Data is generally divided into structured and unstructured data. Structured data refers to the normative and predictable organization of entities and relationships. Most of the data that needs to be processed belongs to unstructured data.
Information extraction has been used in many fields, such as business intelligence, resume harvesting, media analysis, sentiment detection, patent search, and email scanning. A particularly important area of current research is the extraction of structured data from electronic scientific literature, particularly in the biological and medical fields.
The biological/medical literature often involves a variety of complex experimental systems and specific experimental factor processing, as well as the results of various composite experiments produced after these treatments.
At present, the core task of the researchers can be regarded as a three-step cycle: 1) designing the results of the experimental results (based on the previous experimental results) 2) generating these experimental results (including Prepare relevant pre-materials/equipment or other resources) 3) Interpret and communicate with other researchers to produce experimental results (face-to-face format, text (scientific papers)/video and other non-direct contact media formats)
For most researchers, it is required to takes a lot of time to read these scientific papers containing various complex reaction systems and experimental factors (often including misleading or fraudulent interferences). Extract some structured and unstructured data. The experimental results produced in this article correspond to the reaction systems (cell lines, animal models or humans), the specific reaction system and the reaction conditions constitute the number and type of experimental treatment factors (genetic function studies such as the introduction of mutations, Overexpression genes, silencing genes, etc.), the originality of these experimental processing factors under various testing techniques (such as image data; cell morphology; original format of high-throughput sequencing data; cell line survival time, proliferation ability; survival time of mice; five-year survival time of tumor patients); experimental results after treatment of excavation (correlation and interaction of various factors; regulatory network; degree of enrichment, etc.).

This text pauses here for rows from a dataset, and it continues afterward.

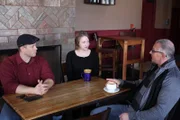Host Robert Irvine sits down with Justin and Sarah to try to get to the bottom of Sip Bistro's problems.
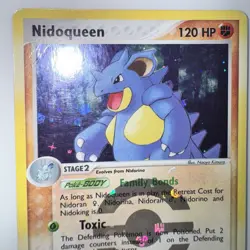 Nidoqueen 9/112 EX FireRed & LeafGreen Reverse Holo Pokemon Card - Image 4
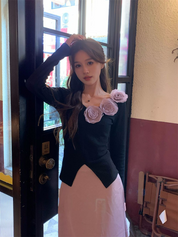 フレンチフラワーセットアップ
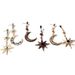 Women’s Jewelry Set Fashion Personality Alloy Diamond Star Moon Asymmetrical EarringsFashion Simple Earrings For Women_ipsvogv.com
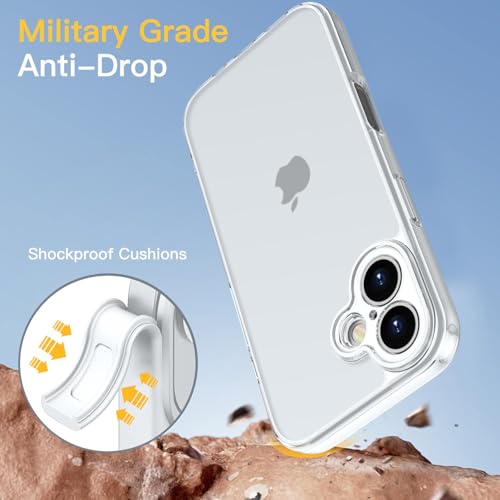 Coque iPhone 17 transparente givrée pour votre quotidien actif - 6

Natural language processing technology is rapidly evolving, making it possible for us to automatically organize and summarize all kinds of information expressed or implied in the scientific literature. Especially in the biological and medical fields, related needs are becoming more and more urgent.
Based on the blueprint of openbiox determined practical projects, the natural language processing and scientific literature information extraction technology learning/practice group will be formally established, and will eventually be responsible for and complete a specific medical literature information extraction practice project.
基于前期 openbiox 的实践项目设想，现正式建立自然语言处理与科学文献信息提取技术学习/实践小组，最终将负责并完成某个特定医学文献信息抽提实践项目。